**Records for the task**
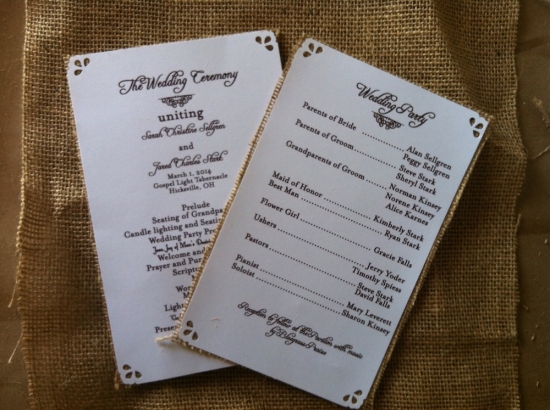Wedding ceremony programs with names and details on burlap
* * *
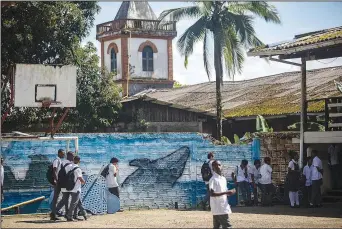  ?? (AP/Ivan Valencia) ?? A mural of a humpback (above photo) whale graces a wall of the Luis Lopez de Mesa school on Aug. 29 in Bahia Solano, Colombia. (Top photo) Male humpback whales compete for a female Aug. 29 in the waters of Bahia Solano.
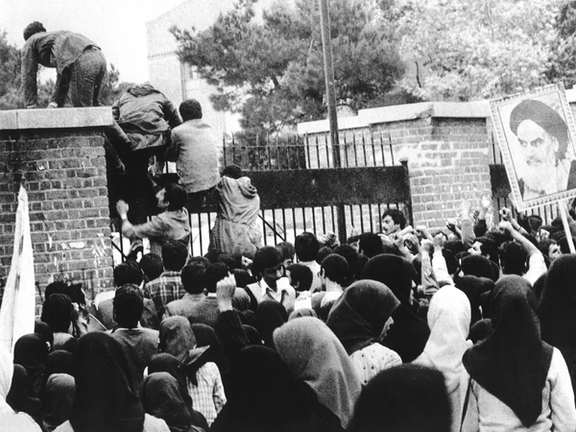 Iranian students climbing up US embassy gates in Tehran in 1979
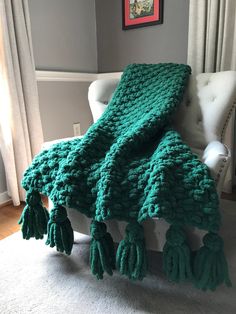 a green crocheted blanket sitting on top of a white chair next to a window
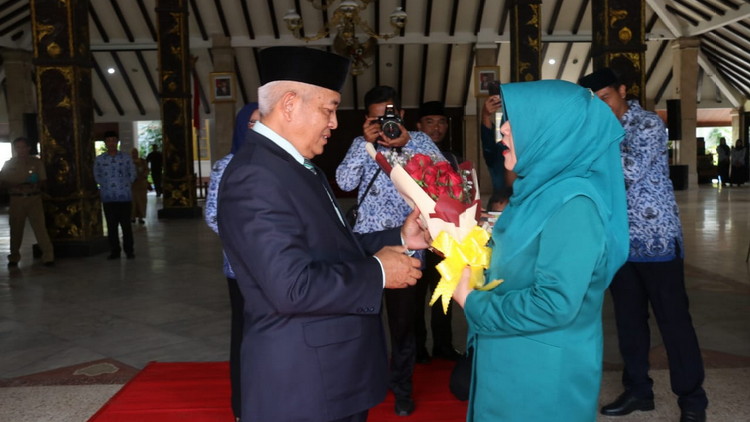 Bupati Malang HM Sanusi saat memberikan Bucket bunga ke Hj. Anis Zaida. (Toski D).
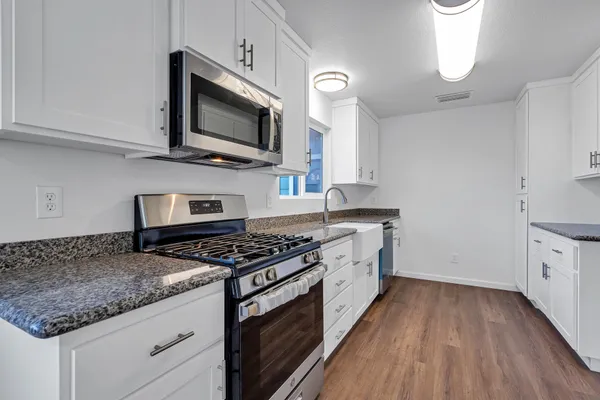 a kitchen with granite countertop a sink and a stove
* * *
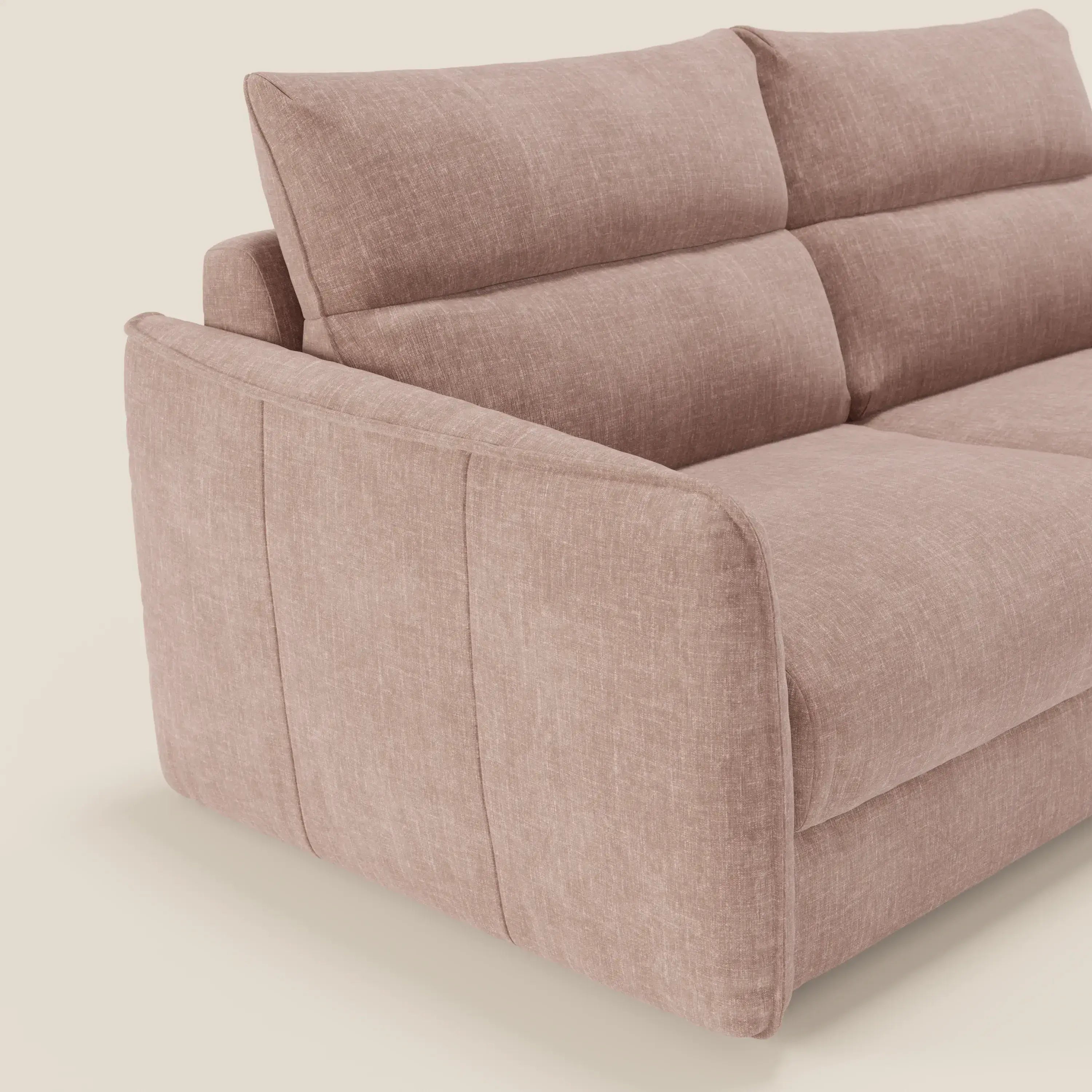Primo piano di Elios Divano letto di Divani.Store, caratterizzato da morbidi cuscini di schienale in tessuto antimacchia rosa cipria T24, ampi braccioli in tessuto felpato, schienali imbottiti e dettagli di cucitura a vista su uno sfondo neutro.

**How to complete this task**
Using the records above, return word for word the lines that begin at the one containing "Iranian students climbing" and end at the one containing "a kitchen with", both of them included and no pictures.

**Response area**
 Iranian students climbing up US embassy gates in Tehran in 1979
 a green crocheted blanket sitting on top of a white chair next to a window
 Bupati Malang HM Sanusi saat memberikan Bucket bunga ke Hj. Anis Zaida. (Toski D).
 a kitchen with granite countertop a sink and a stove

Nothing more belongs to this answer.